In all seriousness though, I have never shed so many tears in my life as I did those first two years here. Between missing my family and friends, friendships back home quickly slipping away, and Marco’s parents not speaking English, I felt isolated, stuck and very sad. Pitiful. Depressed. That’s a hard cycle to get yourself out of.
Neale Donald Walsch said “life begins at the end of your comfort zone.” (don’t worry, I had to Google him too). That was what saved me from my big, lonely depression of culture shock. I forced myself out of my sad little pity party and made myself do things that I wouldn’t normally do, here in Amsterdam or at “home” in Illinois. I joined an expatriate group on Yahoo and met up with a bunch of strangers, fellow expats., for evenings of fun and socialization. I started going to, and eventually participated in, open mic nights at a local cultural center, reading poetry which I wrote myself. I stumbled upon an English speaking radio show, sent in an email and eventually found myself as co-host of the morning show, twice. (Sidebar: the first things Mick, the radio host asked me, live on the air was “Sarah, what brought you to The English Breakfast morning show” and I replied with “I was always told I had a face for radio”. Laughter ensued and I believe I may have said one more sentence that day. The second show was much more eventful).

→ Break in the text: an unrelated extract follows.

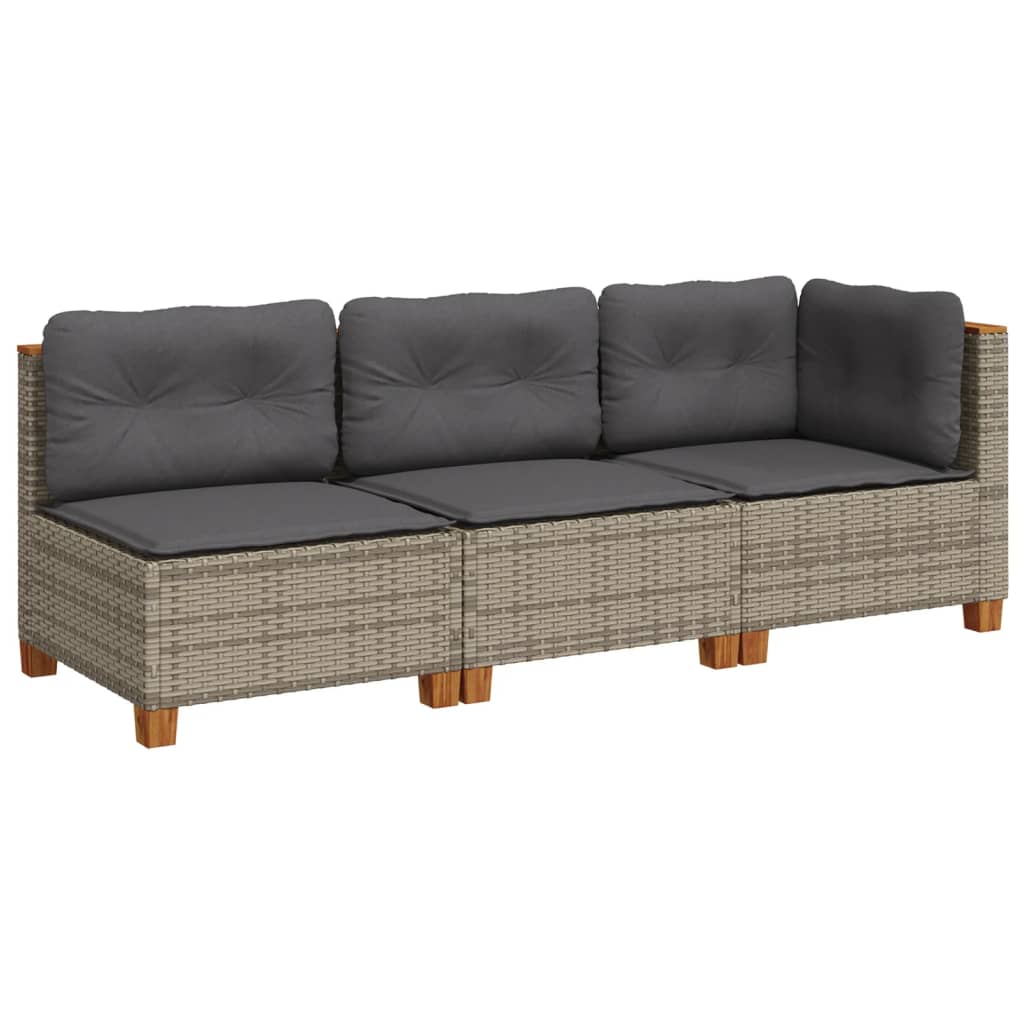 Gartensofa mit Kissen 3-Sitzer Grau Poly Rattan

Once I stepped out of that comfort zone, that had held me all swaddled up warm for those first two years, I began to see what an opportunity I really had in front of me. It helped that I had found a job and loved the people that I worked with and had a bit of routine in my life finally, but it was those new adventures that were the most spirit altering for me. I discovered that my comfort zone wasn’t all that comfortable and I kind of liked wearing the coat of torture every now and again. It was exciting. It was liberating. It was that little flip of your stomach when you stepped out of the tram into this new street to meet up with people you have never spoken to in person for the very first time. It was offering a stranger on the bus one of your truffles just to see if you could make a new friend (that always works by the way). It was making eye contact, giving a compliment and starting a conversation. It was becoming more comfortable with the unknown in the world. It is something that I strive to do to this very day.
You know, I vividly remember all of the hubbub around Gillespie when the flashing four-way stoplight went up on main street. I was young, too young to even drive, but I remember how cool I thought that blinking red light was. We had an actual stop light in our little town! We were moving up in the world.
When I drove to work this morning I had to dodge pedestrians and parent’s on bikes loaded with one, two and sometimes three children (all on one bike!). I had to keep an eagle eye out for scooters and motorcycles, who seem to know an entirely different set of rules of the road than the rest of society. I had to give the right of way to buses and trams, lest be run over because, well, they just will. And heck, I drive under a runway at the airport, so let’s throw airplanes in there just for kicks. And that seemed perfectly normal.
Dictionary.com says adventure is “an exciting or very unusual experience. participation in exciting undertakings or enterprises. a bold, usually risky undertaking; hazardous action of uncertain outcome.” I simply have to agree.